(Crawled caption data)

--

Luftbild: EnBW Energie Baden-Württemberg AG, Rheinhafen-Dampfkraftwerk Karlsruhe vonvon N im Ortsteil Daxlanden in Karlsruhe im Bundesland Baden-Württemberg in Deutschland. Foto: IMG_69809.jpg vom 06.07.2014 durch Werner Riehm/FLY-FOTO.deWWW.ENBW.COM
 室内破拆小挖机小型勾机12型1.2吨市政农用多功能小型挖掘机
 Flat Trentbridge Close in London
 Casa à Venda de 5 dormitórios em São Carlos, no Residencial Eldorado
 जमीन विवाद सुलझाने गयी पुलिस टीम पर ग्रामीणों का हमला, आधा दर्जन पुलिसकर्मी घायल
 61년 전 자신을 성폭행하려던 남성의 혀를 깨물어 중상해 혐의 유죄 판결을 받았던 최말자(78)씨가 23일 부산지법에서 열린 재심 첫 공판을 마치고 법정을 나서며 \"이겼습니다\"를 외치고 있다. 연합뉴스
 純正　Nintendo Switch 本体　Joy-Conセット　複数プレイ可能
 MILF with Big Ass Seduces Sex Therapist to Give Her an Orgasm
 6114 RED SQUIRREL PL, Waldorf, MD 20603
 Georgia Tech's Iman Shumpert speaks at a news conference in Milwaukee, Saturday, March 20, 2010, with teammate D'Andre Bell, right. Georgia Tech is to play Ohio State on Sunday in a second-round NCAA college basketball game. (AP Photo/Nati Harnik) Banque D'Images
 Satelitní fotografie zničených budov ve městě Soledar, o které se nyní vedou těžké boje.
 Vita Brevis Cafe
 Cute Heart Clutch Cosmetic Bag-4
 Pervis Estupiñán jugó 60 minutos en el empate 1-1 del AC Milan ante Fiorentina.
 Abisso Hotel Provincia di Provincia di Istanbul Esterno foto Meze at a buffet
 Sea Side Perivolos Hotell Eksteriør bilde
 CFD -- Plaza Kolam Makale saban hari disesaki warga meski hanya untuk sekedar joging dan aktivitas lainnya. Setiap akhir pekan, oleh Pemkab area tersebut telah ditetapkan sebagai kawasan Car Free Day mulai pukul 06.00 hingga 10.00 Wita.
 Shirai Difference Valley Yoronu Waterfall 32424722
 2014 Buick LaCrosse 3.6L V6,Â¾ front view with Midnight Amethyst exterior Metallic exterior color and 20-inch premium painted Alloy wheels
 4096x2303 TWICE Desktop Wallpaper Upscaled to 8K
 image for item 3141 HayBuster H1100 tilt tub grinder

--

What is expected:
In full and without change, transcribe every line of the records above.

Result of the exercise:
Luftbild: EnBW Energie Baden-Württemberg AG, Rheinhafen-Dampfkraftwerk Karlsruhe vonvon N im Ortsteil Daxlanden in Karlsruhe im Bundesland Baden-Württemberg in Deutschland. Foto: IMG_69809.jpg vom 06.07.2014 durch Werner Riehm/FLY-FOTO.deWWW.ENBW.COM
 室内破拆小挖机小型勾机12型1.2吨市政农用多功能小型挖掘机
 Flat Trentbridge Close in London
 Casa à Venda de 5 dormitórios em São Carlos, no Residencial Eldorado
 जमीन विवाद सुलझाने गयी पुलिस टीम पर ग्रामीणों का हमला, आधा दर्जन पुलिसकर्मी घायल
 61년 전 자신을 성폭행하려던 남성의 혀를 깨물어 중상해 혐의 유죄 판결을 받았던 최말자(78)씨가 23일 부산지법에서 열린 재심 첫 공판을 마치고 법정을 나서며 \"이겼습니다\"를 외치고 있다. 연합뉴스
 純正　Nintendo Switch 本体　Joy-Conセット　複数プレイ可能
 MILF with Big Ass Seduces Sex Therapist to Give Her an Orgasm
 6114 RED SQUIRREL PL, Waldorf, MD 20603
 Georgia Tech's Iman Shumpert speaks at a news conference in Milwaukee, Saturday, March 20, 2010, with teammate D'Andre Bell, right. Georgia Tech is to play Ohio State on Sunday in a second-round NCAA college basketball game. (AP Photo/Nati Harnik) Banque D'Images
 Satelitní fotografie zničených budov ve městě Soledar, o které se nyní vedou těžké boje.
 Vita Brevis Cafe
 Cute Heart Clutch Cosmetic Bag-4
 Pervis Estupiñán jugó 60 minutos en el empate 1-1 del AC Milan ante Fiorentina.
 Abisso Hotel Provincia di Provincia di Istanbul Esterno foto Meze at a buffet
 Sea Side Perivolos Hotell Eksteriør bilde
 CFD -- Plaza Kolam Makale saban hari disesaki warga meski hanya untuk sekedar joging dan aktivitas lainnya. Setiap akhir pekan, oleh Pemkab area tersebut telah ditetapkan sebagai kawasan Car Free Day mulai pukul 06.00 hingga 10.00 Wita.
 Shirai Difference Valley Yoronu Waterfall 32424722
 2014 Buick LaCrosse 3.6L V6,Â¾ front view with Midnight Amethyst exterior Metallic exterior color and 20-inch premium painted Alloy wheels
 4096x2303 TWICE Desktop Wallpaper Upscaled to 8K
 image for item 3141 HayBuster H1100 tilt tub grinder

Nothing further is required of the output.